Vista la gestione piattamente burocratica messa in atto finora dall’Ente Parco, abbiamo motivo di nutrire più di un dubbio.

3 Comments

  1. quando capiremo che la REGIONE SICILIANA è la struttura veramente responsabile dello sfascio del territorio siculo sarà sempre troppo tardi. E del resto, queste strutture operano in modo da allentare la vigilanza e la custodia sui beni COMUNI ED INTANGIBILI. La dottrina dei BENI COMUNI è in disuso. Nessuno la pratica o la conosce. Le università la ignorano. Solo qualche mente illuminata la cita. Mi riferisco ad UGO MATTEI che sui BENI COMUNI ha scritto libri.Bisogna applicare il principio della gestione comune dei beni comuni. Il Parco dell’etne ed il territorio in genere non si possono manipolare a piacimento. L’edilizia deve rispondere ai principi degli standards urbanistici. Ma nessuno li conosce e li applica. Ritengo quindi che fare ricorso all’UNESCO è financo una battuta di spirito ed è un modo per non tutelare l’ambiente.MI fanno ridere i lunghi articoli di Fava o di altri intellettuali che sono ben seduti su poltrone remunerate con denaro pubblico ma che non sanno nulla dei beni pubblici e non fanno concretamenrte nulla. Gridano solo al vento. Quando si manda in pensione questa gente inutile?

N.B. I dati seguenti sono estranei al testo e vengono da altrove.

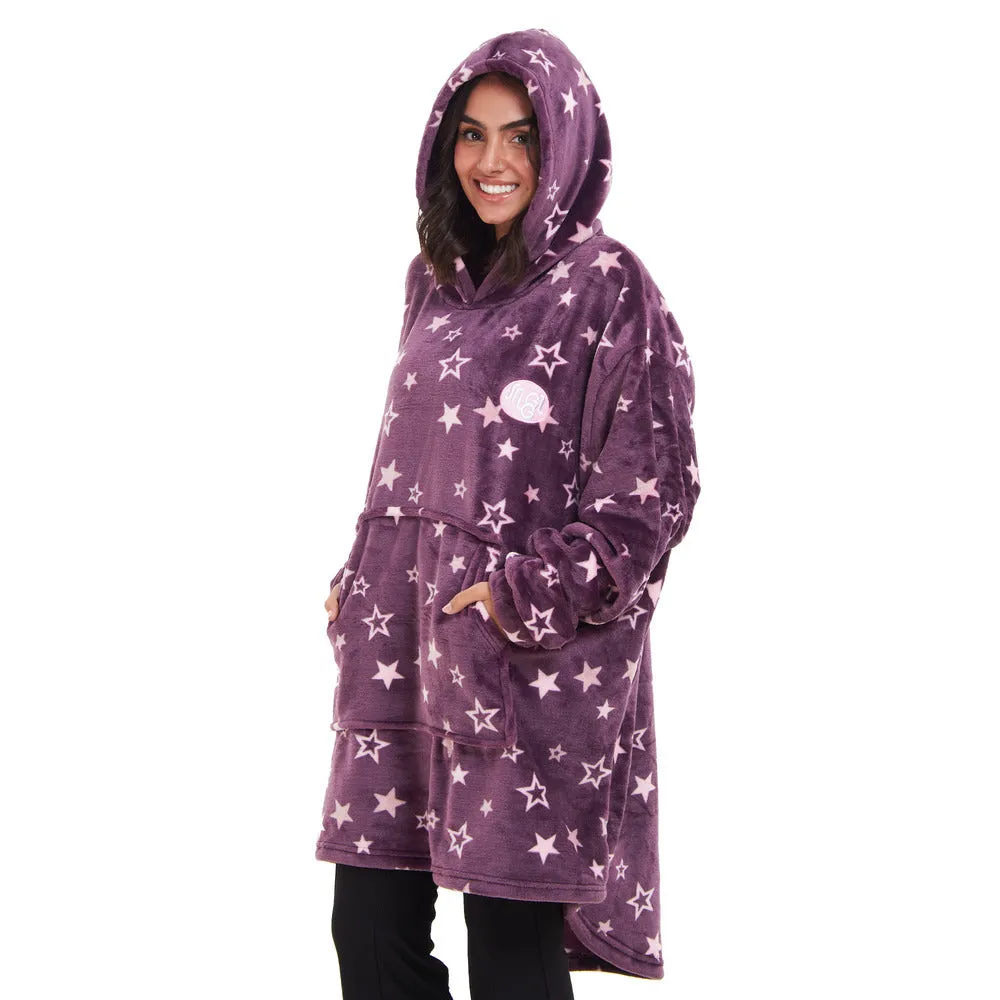 Snuggs Blanket Hoodie Purple stars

  2. Il modello di uno sviluppo turistico che coniughi tutela del patrimonio artistico e ambientale con le necessità di ritorno economico è nella gestione di regioni come l’Umbria e la Toscana. Quasi nessun siciliano è interessato a questo modello di sviluppo. purtroppo questa è la realtà, e lo constato con la morte nel cuore.

  3. ma c’è anche da constatare che abbiamo rappresentanti da dare in pasto ai pesci con pericolo di inquinamento. NOn c’è un solo politico che sappia dare un piano regolatore decente al suo paese. Se si parla con gente che vive in Norvegia si apprende quanta bellezza si ritrova nel loro ambiente e quanta quiete c’è nella vita della gente comune. Ovviamente , la Norvegia non è il Paradiso in terra, ma certamente gli abitanti praticano regole di vita civili e rispettose dell’abiente e del territorio. Dalle nostre parti invece vige la regola della selvaggia distruzione dell’ambiente per cui assistiamo quasi inermi alle devastazioni poste in essere da arricchiti muratori e volgari speculatori. I politici hanno ovviamente un livello culturale degno del rango che occupanoi: sono i legittimi tutori dei vandali che hanno messo le mani sulle nostre città.